Char: Uh, YEAH. I’ve always been curious about Nicki – she has some skills, and yet we never get really anything about her. AND NOW SHE’S DEAD. And because they never allowed any romantic tension to develop between her and Bourne (except for that throwaway line in one of the earlier ones) her death really means little. She’s a device to bring Bourne back. AGAIN.
Bek: She got Refrigerated, man. Classic dick move.
Char: Yeah. Ho hum. Yawn. Even the intriguing power woman character of Heather Lee (Alicia Vikander) couldn’t quite save that.
Bek: Argh. Intriguing? Are you kidding me? The only thing intriguing about her was the question of someone who was supposed to be so smart, why is she wearing a giant 90s banana hair clip? TELL ME WHY.
Char: Oh yes. That fracking banana clip. I did spend a while wondering if they put it in just to give her a ‘thing’. You know, to stand in place of a personality. She was a pretty unreadable book. But, in the desert landscape that it was, I did find it intriguing that a young woman character is swinging with the big power dicks, and is shady, and you’re never sure whether she believes what she says or is just playing anyone.
Bek: I. Did. Not. Like. Her. At. All. Banana.
Char: But, enough of that. Where the film really got interesting is right around the half-way point where the ‘Asset’ (Vincent Cassel) starts going rogue, opening up a splinter in the CIA.
Bek: I lost interest when it became apparent he wasn’t taking his shirt off.
Char: Touché. It wasn’t until then that we really had a villain, and could open up the full throttle on hating Tommy Lee. But it’s all really haphazard and half-finished. The thread with the social network Deep Dream security bizzo is just kinda hanging out there awkwardly at the edges like a nutscape**. Why is Bourne bare knuckle fighting? Does he need money? DID MATT DAMON NEED MONEY?
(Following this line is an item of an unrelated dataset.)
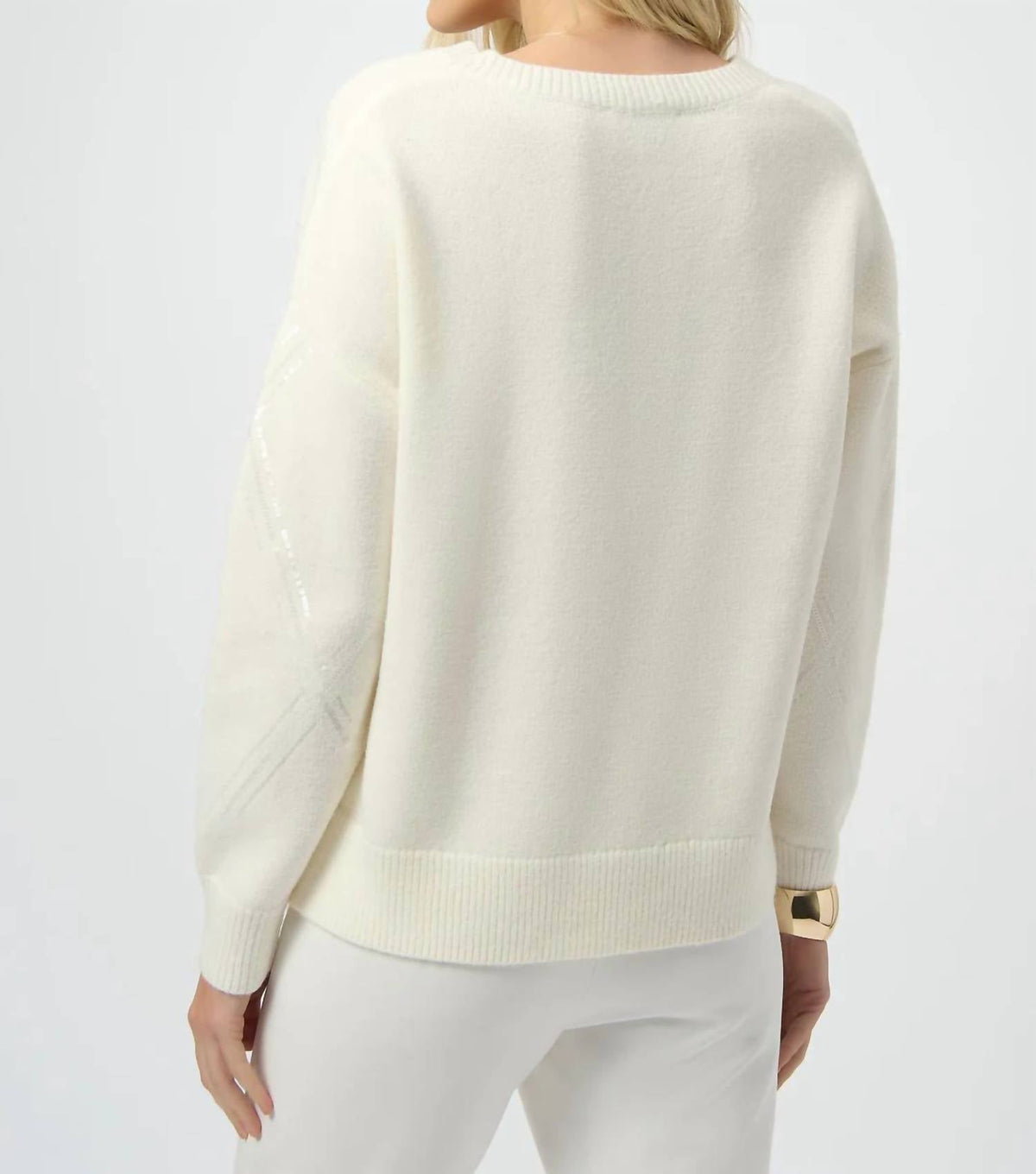 Suéter con cuello en V con lentejuelas color blanco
**(look it up if you have to; NSFW)
Bek: I’ve got money for Matt *waves five dollar bill*
Char: Even Heather Lee, who is the most interesting character with the constant questioning of whose side she’s on—
Bek: ARGH BANANA CLIP WHOT IS THAT SH*T?
Char: —ends up getting a pat ending.
Bek: I felt no emotional beats in this movie. Bourne discovers the real reason why his father was killed, but I don’t know enough about their relationship to care.
Char: Yeah, Bourne’s face is just a mask of I’m-dead-inside. I mean, even Daniel Craig’s Bond managed a kind of crazy-eye emoting in Casino Royale. Then there’s the stupid, stupid dialogue (“There’s a phone in the room. I can use it to delete the files”)—
Bek: Because accessing Black Ops files remotely is totally believable.
Char: —the convenient airbags (the Asset’s car crashes in the first chase, deploying said bags, but Bourne’s car goes through a demolition derby in Vegas with none in sight).
The one really interesting thing is that Bourne comes to his full arc, recognising that if he truly regrets the things he’s done, he can’t kill Tommy Lee. So Heather Lee does it—
Bek: BANANA CLIP KILLER
Char: —And then they kinda ruin that insight by having him kill the Asset with his bare hands. WHAT?
Bek: And you just can’t kill that magnificent French man!!
Char: Mmmmm. He’s definitely got some of that grey fox going on. Anyway, despite the appeal of Bourne hurting people, the film ended up so, so dissatisfying. Maybe because Bourne has become such a bleak and tragic character. I think the second Bourne was so powerful because it dared emotional investment – Bourne had had a shot at normality and it had been snatched away. Now there’s nothing. He’s still got his wiles, but honestly, the man’s deserved that to mean something. This movie needed a big adrenaline needle of emotion and investment. Clear!